STEPHEN LEWIS talks to York author Donna Hay, whose new book Goodbye Ruby Tuesday concerns strong women and embarrassing mums.

IT'S a fact of life that teenage girls always feel embarrassed by their mums, says Donna Hay. Her own 14-year-old daughter Harriet is already beginning to demonstrate the first signs of this healthy tendency.

"She said to me the other day 'you won't carry on dying your hair when you're old, will you, mum?', and 'you won't still be wearing jeans when you're old, will you?'" Donna says with a giggle.

The York author doesn't divulge just how long her hair-dying and jeans-wearing will continue, but it's fair to assume it could be for some time yet. "A friend said to me once, 'if you're not embarrassing your children, you're not enjoying life'," she says.

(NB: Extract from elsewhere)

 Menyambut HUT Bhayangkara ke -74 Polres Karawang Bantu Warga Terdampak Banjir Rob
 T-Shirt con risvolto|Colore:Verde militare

Hopefully for her daughter's sake, Harriet's embarrassment won't last as long as that of the central character in Donna's new novel.

In Goodbye Ruby Tuesday, successful 30-something London management consultant Roo Hennessey is forced to return to her roots in the fictional West Yorkshire town of Normanford to help turn around an ailing furniture-making company. And, as she knows before she sets out, going back to Normanford means running the gauntlet of her horribly embarrassing mum Sadie.

Roo was born Ruby Tuesday Moon, and she grew up hating everything about her life - her name, her hand-me-down clothes, and her mother's habit of turning up to school parents' evenings dressed like Shirley Bassey. Most of all, she hated being the daughter of Normanford's only single parent, failed nightclub singer and goodtime girl Sadie Moon.

As soon as she could Roo escaped, changed her name, and built a new life in London.

Now she is back, the uptight London management expert parachuted in to sort out an ailing local firm. But to her horror Sadie, now in her 50s, is as embarrassing - and as inappropriately dressed - as ever.

What follows is a warm-hearted family saga in which four strong women - Roo, Sadie, Roo's grandmother Nanna Moon and her cousin Cat, who Roo believes unfairly stole her childhood boyfriend - circle warily around each-other and gradually learn to understand and forgive.

There is a dash of romance thrown in - Donna did, after all, make her name as a romantic novelist - but the men in the book are pale and unconvincing figures in comparison to the four women, who burst with vitality.

"They are all fairly feisty women," Donna admits, "and it was the relationships between them that really interested me. I wanted to do a story dealing with Coronation Street-type characters, strong women who hold the family together."

Roo, Cat, Nanna Moon and Sadie are all that, in their way. By cleverly switching narrators, the story unfolds from the point of view of each of them in turn. Roo slowly unthaws, hairdresser Cat, who despite marrying Roo's childhood sweetheart Billy has always felt second best to her cousin, rediscovers her confidence, and Nanna Moon bangs heads together as and when necessary.

But it is Sadie for whom Donna clearly has the softest spot. Donna's own mother, like Sadie, was a teenage mum, and Sadie's larger-than-life character springs from the page. Sadie never told Roo who her father was - but gradually, the reader (and a hostile Roo herself) discover the tragic secret behind Roo's birth, when Sadie was 16. It's an emotional journey that packs real punch without ever turning the corner into sentimentality.

"I loved the idea of this woman who had apparently never grown up, who is still perceived as acting like a teenager," Donna says. "She sprang fully-formed from my head. Everybody's mother embarrasses them to a certain extent, and I thought what if their mother is still embarrassing them in their 30s?

"But actually they have all got Sadie totally wrong - her own mum, her daughter, all of them. She's had all this grief in her life, and she's actually shown a lot of forbearance."